BBAI was first developed by Brooks (6), at a time when there were several prominent modular theories of natural intelligence being discussed (29,13,17). In BBAI, intelligence is composed of a large number of modular elements that are relatively simple to design. Each element operates only in a particular context, which the module itself recognizes. In Brooks' original proposal, these modules are finite state machines organized into interacting layers, which are themselves organized in a linear hierarchy or stack. The behaviors have no access to each other's internal state, but can monitor and/or alter each other's inputs and outputs. Layers are an organizational abstraction: the behaviors of each layer achieve one of the agent's goals, but a higher layer may subsume the goal of a lower layer through the mechanism of affecting inputs and outputs. This is the subsumption architecture (6).

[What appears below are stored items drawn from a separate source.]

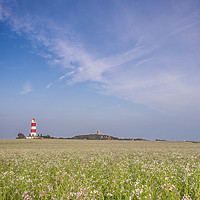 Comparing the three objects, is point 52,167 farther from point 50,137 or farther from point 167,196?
point 50,137

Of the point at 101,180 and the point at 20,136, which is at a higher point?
the point at 101,180

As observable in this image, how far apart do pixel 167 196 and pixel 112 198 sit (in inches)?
72.3

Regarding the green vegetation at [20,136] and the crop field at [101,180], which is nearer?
the crop field at [101,180]

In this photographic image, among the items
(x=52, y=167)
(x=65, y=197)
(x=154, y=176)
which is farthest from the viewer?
(x=52, y=167)

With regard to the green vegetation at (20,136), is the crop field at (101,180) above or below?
above

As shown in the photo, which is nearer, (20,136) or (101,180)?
(101,180)

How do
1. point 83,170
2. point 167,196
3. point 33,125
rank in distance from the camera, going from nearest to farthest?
1. point 167,196
2. point 83,170
3. point 33,125

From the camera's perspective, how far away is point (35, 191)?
7480 mm

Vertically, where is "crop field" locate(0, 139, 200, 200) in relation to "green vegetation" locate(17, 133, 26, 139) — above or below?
above

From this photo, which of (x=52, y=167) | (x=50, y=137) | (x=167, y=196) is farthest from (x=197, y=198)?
(x=50, y=137)

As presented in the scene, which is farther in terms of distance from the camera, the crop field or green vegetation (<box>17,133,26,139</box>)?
green vegetation (<box>17,133,26,139</box>)

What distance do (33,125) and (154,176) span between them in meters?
78.6

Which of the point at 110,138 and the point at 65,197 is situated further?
the point at 110,138

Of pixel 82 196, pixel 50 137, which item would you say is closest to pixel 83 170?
pixel 82 196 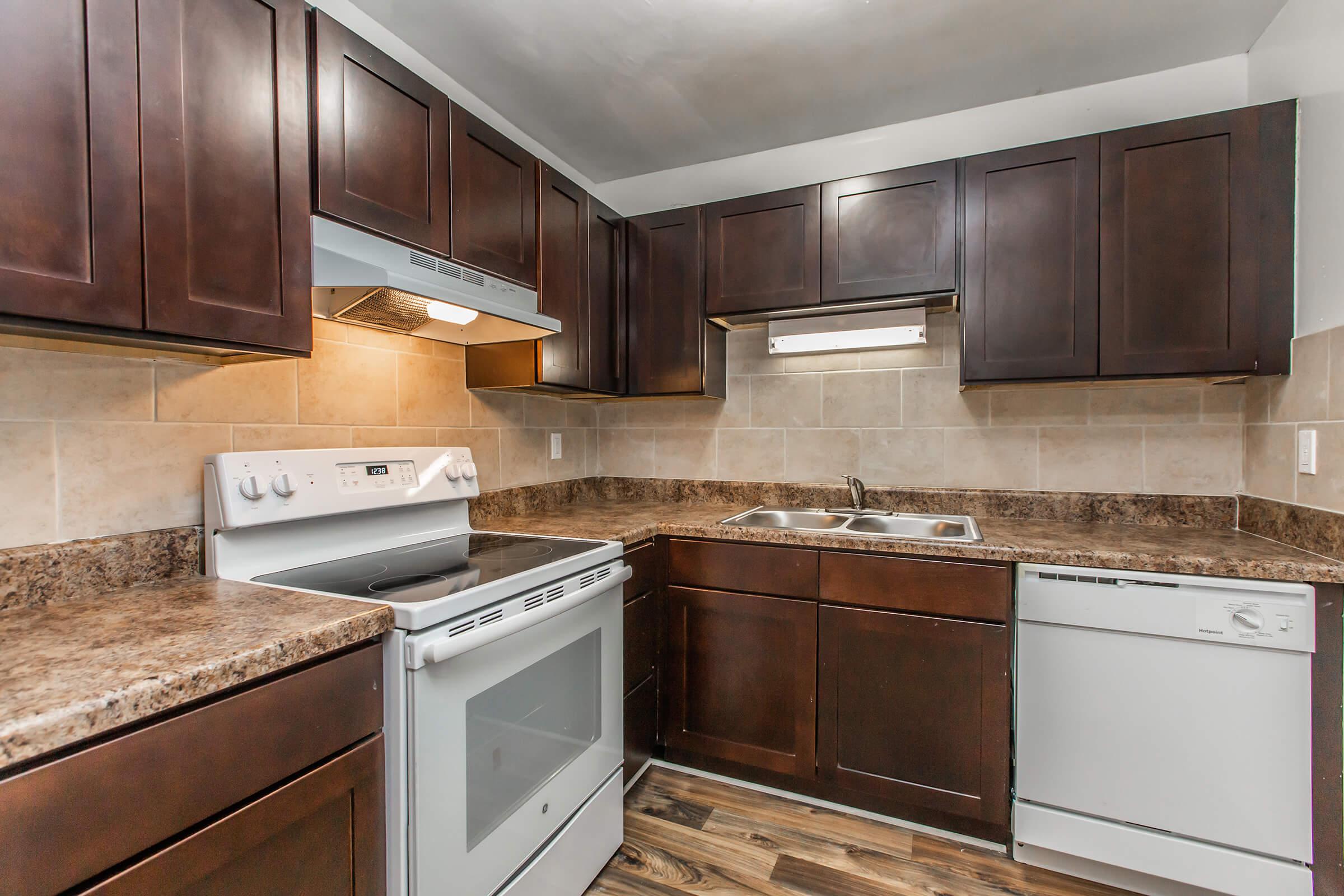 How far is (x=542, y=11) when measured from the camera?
1667mm

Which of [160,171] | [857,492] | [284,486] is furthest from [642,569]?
[160,171]

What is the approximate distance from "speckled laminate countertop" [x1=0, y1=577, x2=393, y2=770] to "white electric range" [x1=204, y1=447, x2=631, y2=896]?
0.10 m

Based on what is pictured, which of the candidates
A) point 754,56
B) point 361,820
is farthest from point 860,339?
point 361,820

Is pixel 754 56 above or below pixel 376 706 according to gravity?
above

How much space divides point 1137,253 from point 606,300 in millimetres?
1820

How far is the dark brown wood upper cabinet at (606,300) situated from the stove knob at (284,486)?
1141 millimetres

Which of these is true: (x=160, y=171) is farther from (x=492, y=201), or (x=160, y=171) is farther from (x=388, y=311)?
(x=492, y=201)

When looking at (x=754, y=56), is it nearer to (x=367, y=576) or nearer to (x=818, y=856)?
(x=367, y=576)

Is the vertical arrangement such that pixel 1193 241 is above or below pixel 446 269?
above

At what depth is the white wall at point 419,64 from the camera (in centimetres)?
167

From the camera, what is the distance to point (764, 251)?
222cm

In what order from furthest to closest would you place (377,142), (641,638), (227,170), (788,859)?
(641,638)
(788,859)
(377,142)
(227,170)

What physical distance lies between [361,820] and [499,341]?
144 cm

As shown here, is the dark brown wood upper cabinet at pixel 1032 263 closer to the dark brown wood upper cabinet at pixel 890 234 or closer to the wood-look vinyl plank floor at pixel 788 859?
the dark brown wood upper cabinet at pixel 890 234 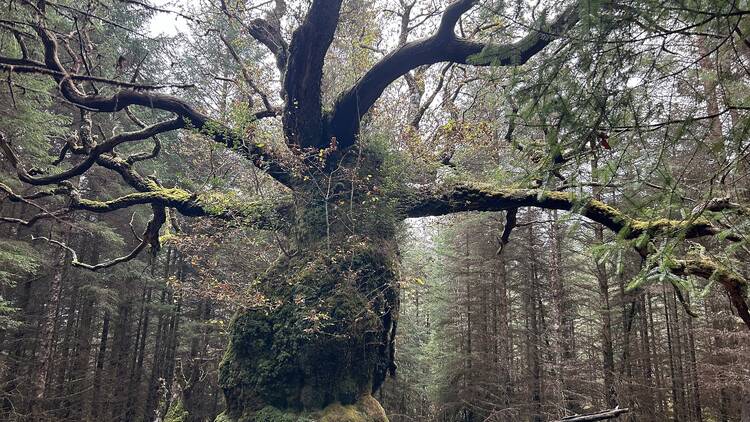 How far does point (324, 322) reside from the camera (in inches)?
224

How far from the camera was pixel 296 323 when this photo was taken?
5.80 meters

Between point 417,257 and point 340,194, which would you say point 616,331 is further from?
point 340,194

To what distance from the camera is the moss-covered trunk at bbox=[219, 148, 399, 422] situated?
576 centimetres

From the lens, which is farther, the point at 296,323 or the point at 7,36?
the point at 296,323

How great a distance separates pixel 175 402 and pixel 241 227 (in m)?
3.46

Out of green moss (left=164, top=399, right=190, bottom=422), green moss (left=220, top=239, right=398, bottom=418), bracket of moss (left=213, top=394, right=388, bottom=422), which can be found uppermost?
green moss (left=220, top=239, right=398, bottom=418)

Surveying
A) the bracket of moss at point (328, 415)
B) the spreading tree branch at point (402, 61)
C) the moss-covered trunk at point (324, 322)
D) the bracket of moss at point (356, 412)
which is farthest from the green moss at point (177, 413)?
the spreading tree branch at point (402, 61)

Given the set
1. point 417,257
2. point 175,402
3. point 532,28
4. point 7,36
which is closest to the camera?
point 532,28

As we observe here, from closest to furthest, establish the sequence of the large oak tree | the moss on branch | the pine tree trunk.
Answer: the large oak tree, the moss on branch, the pine tree trunk

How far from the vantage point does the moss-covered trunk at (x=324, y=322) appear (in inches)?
227

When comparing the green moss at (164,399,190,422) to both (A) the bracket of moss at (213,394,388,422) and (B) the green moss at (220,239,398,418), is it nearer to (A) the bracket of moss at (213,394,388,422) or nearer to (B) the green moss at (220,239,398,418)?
(B) the green moss at (220,239,398,418)

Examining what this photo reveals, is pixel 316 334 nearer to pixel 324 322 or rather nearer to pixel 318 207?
pixel 324 322

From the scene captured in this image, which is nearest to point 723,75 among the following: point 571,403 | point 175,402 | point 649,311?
point 175,402

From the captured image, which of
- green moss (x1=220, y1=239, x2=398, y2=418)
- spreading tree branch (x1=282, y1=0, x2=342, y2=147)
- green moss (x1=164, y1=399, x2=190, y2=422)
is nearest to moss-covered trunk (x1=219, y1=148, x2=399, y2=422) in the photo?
green moss (x1=220, y1=239, x2=398, y2=418) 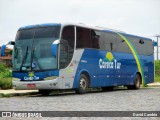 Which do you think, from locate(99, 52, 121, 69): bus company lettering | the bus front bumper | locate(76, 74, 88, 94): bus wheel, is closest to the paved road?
the bus front bumper

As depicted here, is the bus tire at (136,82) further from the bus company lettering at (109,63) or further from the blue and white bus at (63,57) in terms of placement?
the blue and white bus at (63,57)

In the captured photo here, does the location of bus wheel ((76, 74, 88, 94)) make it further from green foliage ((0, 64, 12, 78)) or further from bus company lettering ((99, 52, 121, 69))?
green foliage ((0, 64, 12, 78))

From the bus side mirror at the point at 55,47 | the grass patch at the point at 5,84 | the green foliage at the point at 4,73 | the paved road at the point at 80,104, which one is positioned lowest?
the paved road at the point at 80,104

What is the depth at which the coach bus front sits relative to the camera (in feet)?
64.4

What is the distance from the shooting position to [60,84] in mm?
19828

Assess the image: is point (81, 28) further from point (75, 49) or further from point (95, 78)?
point (95, 78)

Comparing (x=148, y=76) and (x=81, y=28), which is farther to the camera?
(x=148, y=76)

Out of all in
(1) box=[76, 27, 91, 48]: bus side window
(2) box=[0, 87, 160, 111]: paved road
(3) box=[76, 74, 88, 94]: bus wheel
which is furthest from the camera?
(3) box=[76, 74, 88, 94]: bus wheel

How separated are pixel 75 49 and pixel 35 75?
224 centimetres

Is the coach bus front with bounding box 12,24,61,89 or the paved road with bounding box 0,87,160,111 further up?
the coach bus front with bounding box 12,24,61,89

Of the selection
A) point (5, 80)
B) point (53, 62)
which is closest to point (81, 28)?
point (53, 62)

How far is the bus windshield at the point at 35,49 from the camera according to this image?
19656 mm

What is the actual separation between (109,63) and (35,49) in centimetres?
575

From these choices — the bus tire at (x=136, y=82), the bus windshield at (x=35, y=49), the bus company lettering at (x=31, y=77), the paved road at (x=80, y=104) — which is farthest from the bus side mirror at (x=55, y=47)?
the bus tire at (x=136, y=82) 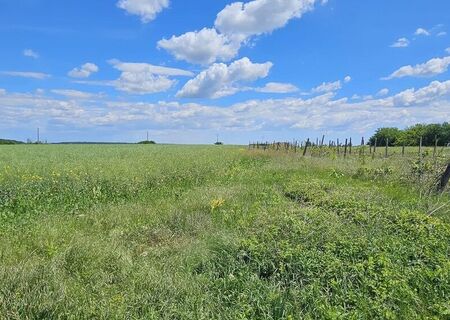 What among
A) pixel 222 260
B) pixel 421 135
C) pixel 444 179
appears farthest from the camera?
pixel 421 135

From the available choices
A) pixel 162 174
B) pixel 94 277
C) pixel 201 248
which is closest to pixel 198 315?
pixel 94 277

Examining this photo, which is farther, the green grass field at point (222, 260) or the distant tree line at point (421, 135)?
the distant tree line at point (421, 135)

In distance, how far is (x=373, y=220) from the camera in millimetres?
6824

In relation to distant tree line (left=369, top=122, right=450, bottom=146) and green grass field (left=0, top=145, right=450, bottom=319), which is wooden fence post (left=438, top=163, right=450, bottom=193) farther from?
distant tree line (left=369, top=122, right=450, bottom=146)

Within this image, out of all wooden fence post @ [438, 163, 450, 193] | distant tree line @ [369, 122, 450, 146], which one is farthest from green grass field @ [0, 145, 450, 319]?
distant tree line @ [369, 122, 450, 146]

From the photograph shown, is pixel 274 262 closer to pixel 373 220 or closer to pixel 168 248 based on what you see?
pixel 168 248

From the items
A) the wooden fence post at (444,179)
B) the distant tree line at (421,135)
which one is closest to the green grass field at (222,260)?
the wooden fence post at (444,179)

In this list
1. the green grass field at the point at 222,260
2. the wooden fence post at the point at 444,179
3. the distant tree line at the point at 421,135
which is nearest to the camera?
the green grass field at the point at 222,260

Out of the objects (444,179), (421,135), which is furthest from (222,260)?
(421,135)

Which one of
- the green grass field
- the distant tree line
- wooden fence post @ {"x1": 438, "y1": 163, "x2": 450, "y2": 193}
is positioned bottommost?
the green grass field

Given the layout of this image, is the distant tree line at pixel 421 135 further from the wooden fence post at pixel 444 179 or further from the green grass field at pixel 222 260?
the green grass field at pixel 222 260

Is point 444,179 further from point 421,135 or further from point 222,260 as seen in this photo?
point 421,135

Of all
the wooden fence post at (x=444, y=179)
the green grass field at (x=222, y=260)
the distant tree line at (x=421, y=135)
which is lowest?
the green grass field at (x=222, y=260)

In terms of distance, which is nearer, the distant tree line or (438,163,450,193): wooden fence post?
(438,163,450,193): wooden fence post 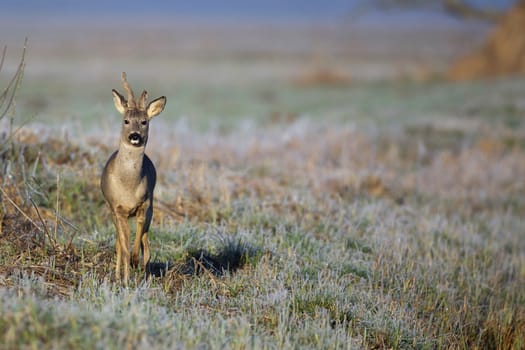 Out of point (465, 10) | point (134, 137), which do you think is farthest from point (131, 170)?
point (465, 10)

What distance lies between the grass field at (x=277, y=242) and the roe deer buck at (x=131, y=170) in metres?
0.57

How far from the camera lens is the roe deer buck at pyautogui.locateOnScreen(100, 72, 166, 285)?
5.11m

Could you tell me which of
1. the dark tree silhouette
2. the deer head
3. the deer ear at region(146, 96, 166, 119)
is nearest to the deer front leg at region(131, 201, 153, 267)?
the deer head

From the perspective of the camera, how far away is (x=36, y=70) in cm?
3216

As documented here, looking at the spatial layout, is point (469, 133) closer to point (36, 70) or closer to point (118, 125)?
point (118, 125)

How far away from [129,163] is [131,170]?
0.05m

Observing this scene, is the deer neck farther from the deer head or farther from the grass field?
the grass field

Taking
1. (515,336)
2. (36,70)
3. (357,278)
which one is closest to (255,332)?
(357,278)

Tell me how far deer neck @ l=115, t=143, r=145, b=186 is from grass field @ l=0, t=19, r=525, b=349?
86 cm

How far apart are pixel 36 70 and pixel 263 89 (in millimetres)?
12069

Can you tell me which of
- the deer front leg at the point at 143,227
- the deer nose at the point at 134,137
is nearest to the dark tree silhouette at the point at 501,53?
the deer front leg at the point at 143,227

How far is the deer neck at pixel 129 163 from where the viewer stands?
517 centimetres

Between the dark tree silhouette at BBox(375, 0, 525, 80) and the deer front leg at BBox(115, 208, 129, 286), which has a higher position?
the dark tree silhouette at BBox(375, 0, 525, 80)

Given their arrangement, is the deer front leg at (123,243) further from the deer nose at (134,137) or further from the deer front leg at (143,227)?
the deer nose at (134,137) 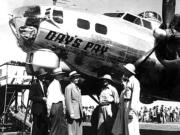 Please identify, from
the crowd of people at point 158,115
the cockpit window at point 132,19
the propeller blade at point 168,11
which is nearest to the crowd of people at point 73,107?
the propeller blade at point 168,11

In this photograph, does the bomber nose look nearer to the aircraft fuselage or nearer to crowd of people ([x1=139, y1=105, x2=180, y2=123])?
the aircraft fuselage

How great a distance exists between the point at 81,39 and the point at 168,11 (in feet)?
9.56

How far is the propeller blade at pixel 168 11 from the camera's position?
9334 millimetres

BBAI has proved powerful because of the robustness and simplicity of the programs. Each behavior module is straight-forward enough to program reliably. BBAI is also strongly associated with reactive intelligence, because the subsumption architecture was both behavior-based and reactive. Reactive intelligence operates with no deliberation or search, thus eliciting the good response times critical for the successful operation of real-time systems such as robots or interactive virtual reality (34).
The cost of reactive intelligence is engineering. The agent's intelligence must be designed by hand since it performs no search (including learning or planning) itself. Although there have been some efforts made to learn or evolve BBAI programs off-line (e.g. 23,33), these efforts themselves take immense amounts of design, and have not proved superior to hand-designed systems (32,36). Although behavior modules are themselves definitionally easy to create, engineering the interactions between behaviors has proved difficult. Some authors have taken the approach of limiting behaviors to representations that are easily combined (e.g. 1,24), but this in turn limits the complexity of the agent that can be created by limiting its most powerful building blocks.